WHAT THE EXERCISE ASKS:
Starting at the line that contains "LAMPARA VELADORA LUNA FU0428 FULGORE." and ending at the line that contains "Produktbild Barbie JBF45", the lines below are to be given again exactly, with nothing added.

THE RECORDS:
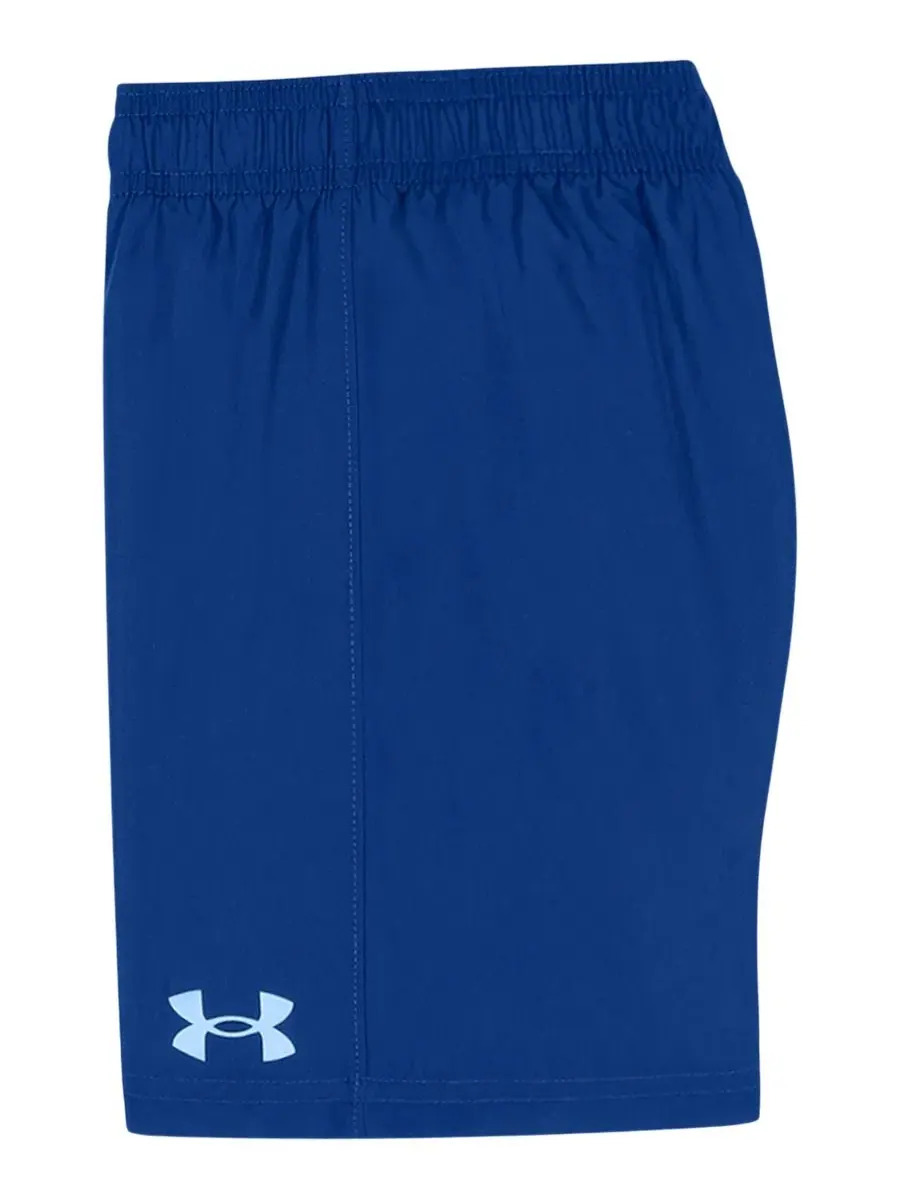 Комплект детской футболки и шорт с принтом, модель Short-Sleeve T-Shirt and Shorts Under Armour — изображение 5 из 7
...
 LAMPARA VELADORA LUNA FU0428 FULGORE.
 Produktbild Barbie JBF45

THE COMPLETED TASK:
 LAMPARA VELADORA LUNA FU0428 FULGORE.
 Produktbild Barbie JBF45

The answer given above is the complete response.